**What you are asked to do**: Would you repeat every entry below word for word but drop the images?

**Given records**:
== == ==

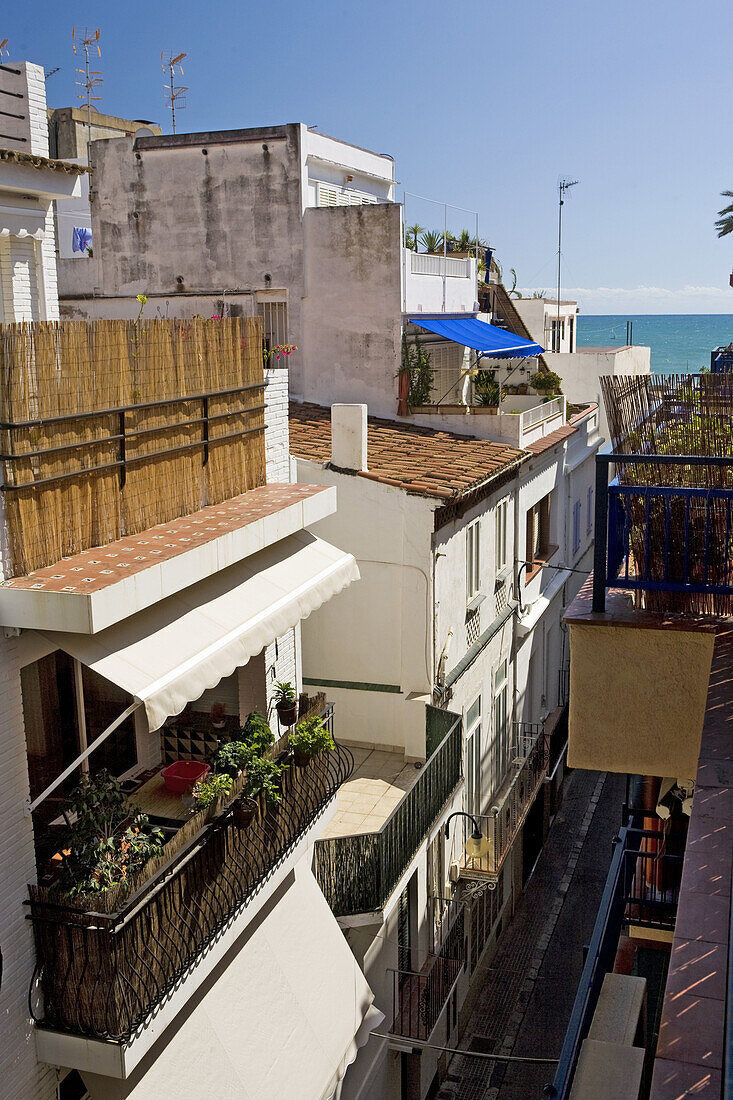 Blick auf Häuser und die Gasse Carrer San Pedro, Sitges, Katalonien, Spanien, Europa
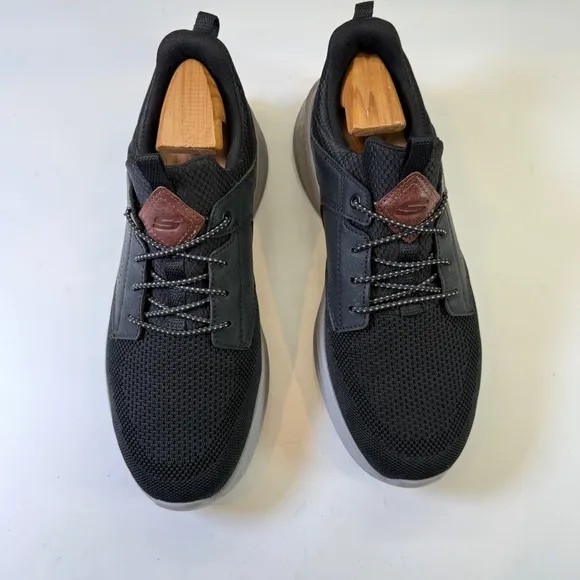 SKECHERS Relaxed Fit Air Cooled Memory Foam Slade-Breyer Sneaker Black Size 10
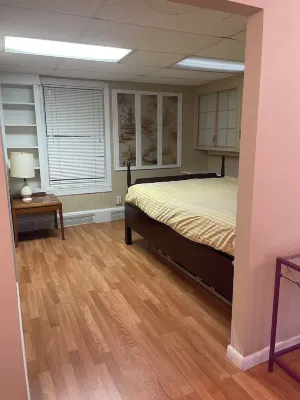 Charming double-room bedroom in a house in awesome Fairfax with fitness room, AC 옥턴 호텔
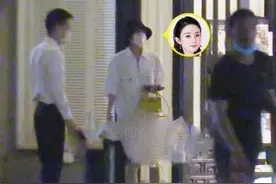 赵丽颖首次带子露面，儿子脑门大正脸像妈妈，保姆陪护不见冯绍峰图片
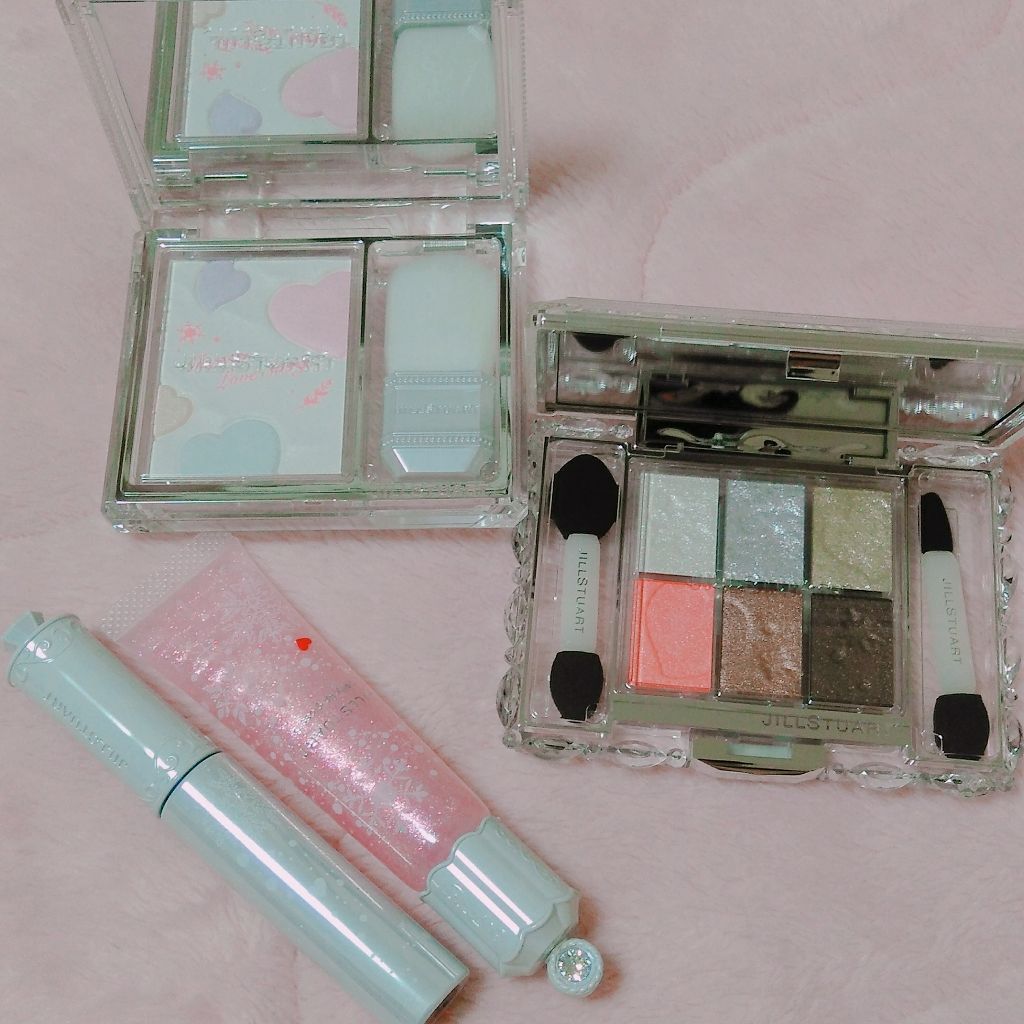 ホワイトラブストーリー コレクション (クリスマスコフレ 2018) ブルーミングブロッサム　カールラッシュマスカラ S/JILL STUART/メイクアップキットを使ったクチコミ（2枚目）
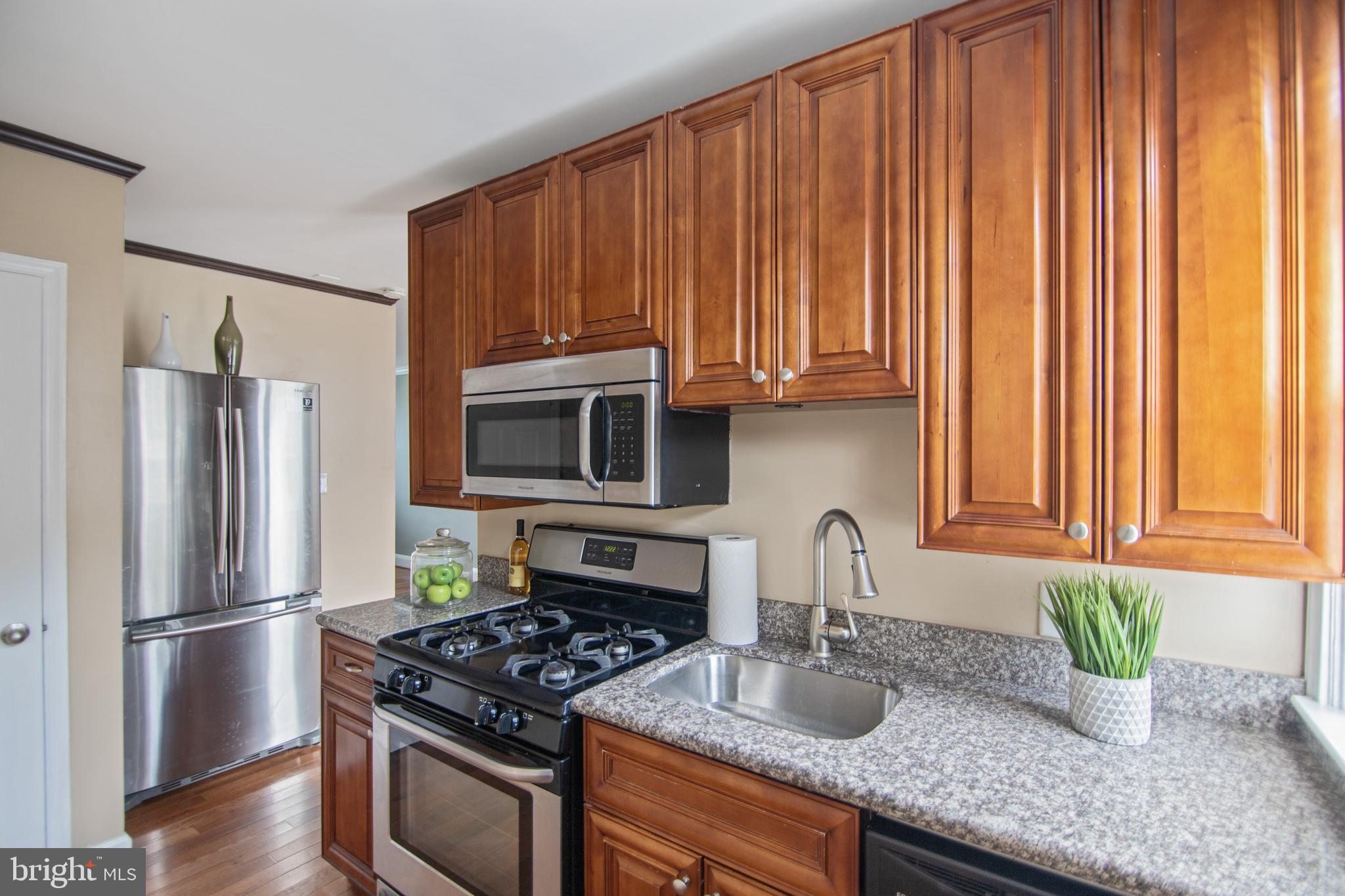 227 West Edgevale Road Baltimore, MD 21225 - Photo 10 of 29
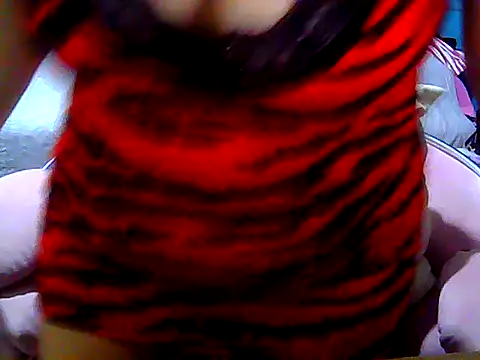 Snapshot of TatliSert chatting on 12/11/24, 07:25 TatliSert online show from 12/11/24, 07:25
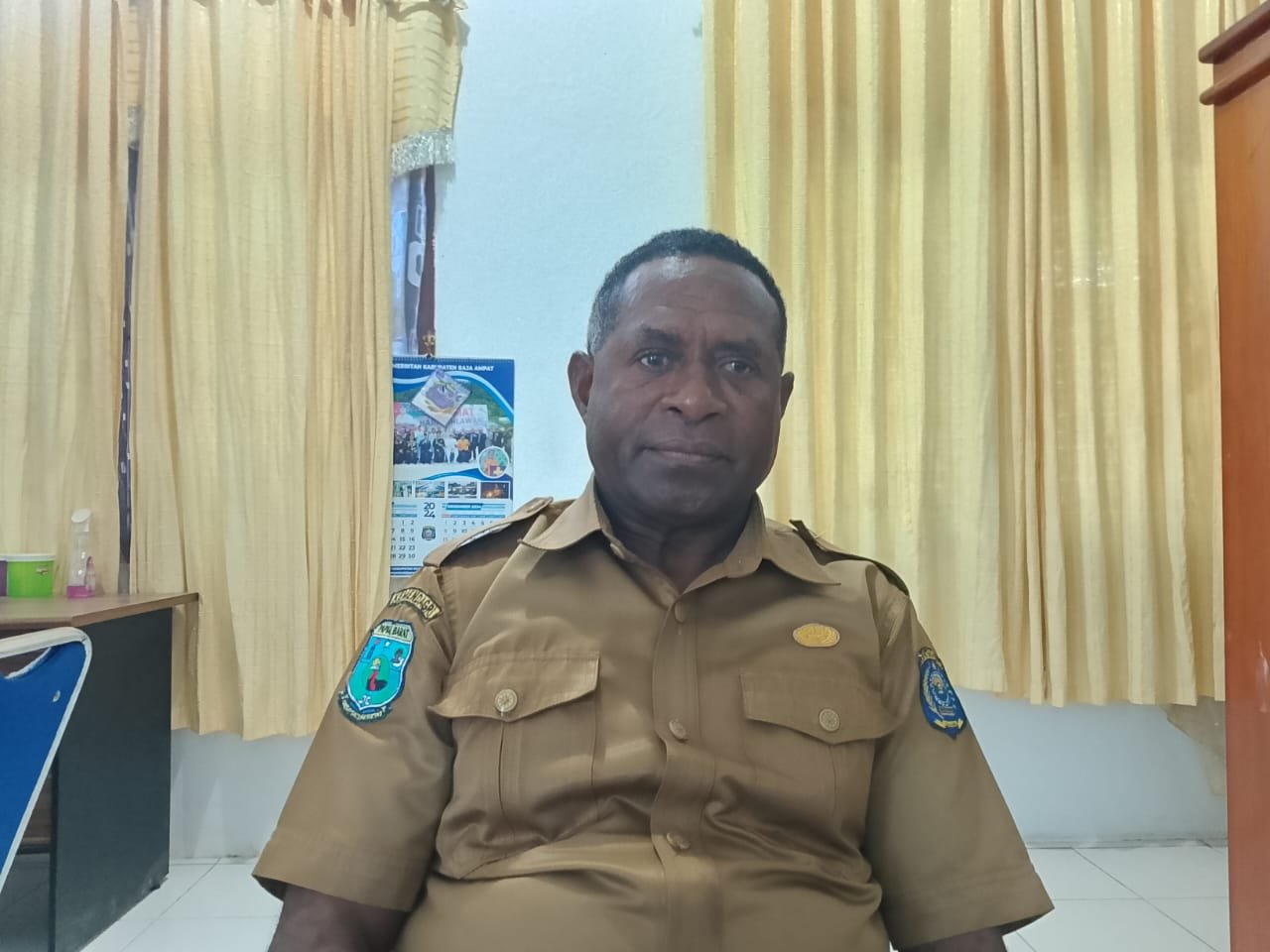 KET: Feliks Duwit,SE.MM Plt. Kepala Badan Kesatuan Bangsa dan Politik (KESBANGPOL) Raja Ampat/fOTO: Doni Kumuai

== == ==

**Expected answer**:
 Blick auf Häuser und die Gasse Carrer San Pedro, Sitges, Katalonien, Spanien, Europa
 SKECHERS Relaxed Fit Air Cooled Memory Foam Slade-Breyer Sneaker Black Size 10
 Charming double-room bedroom in a house in awesome Fairfax with fitness room, AC 옥턴 호텔
 赵丽颖首次带子露面，儿子脑门大正脸像妈妈，保姆陪护不见冯绍峰图片
 ホワイトラブストーリー コレクション (クリスマスコフレ 2018) ブルーミングブロッサム　カールラッシュマスカラ S/JILL STUART/メイクアップキットを使ったクチコミ（2枚目）
 227 West Edgevale Road Baltimore, MD 21225 - Photo 10 of 29
 Snapshot of TatliSert chatting on 12/11/24, 07:25 TatliSert online show from 12/11/24, 07:25
 KET: Feliks Duwit,SE.MM Plt. Kepala Badan Kesatuan Bangsa dan Politik (KESBANGPOL) Raja Ampat/fOTO: Doni Kumuai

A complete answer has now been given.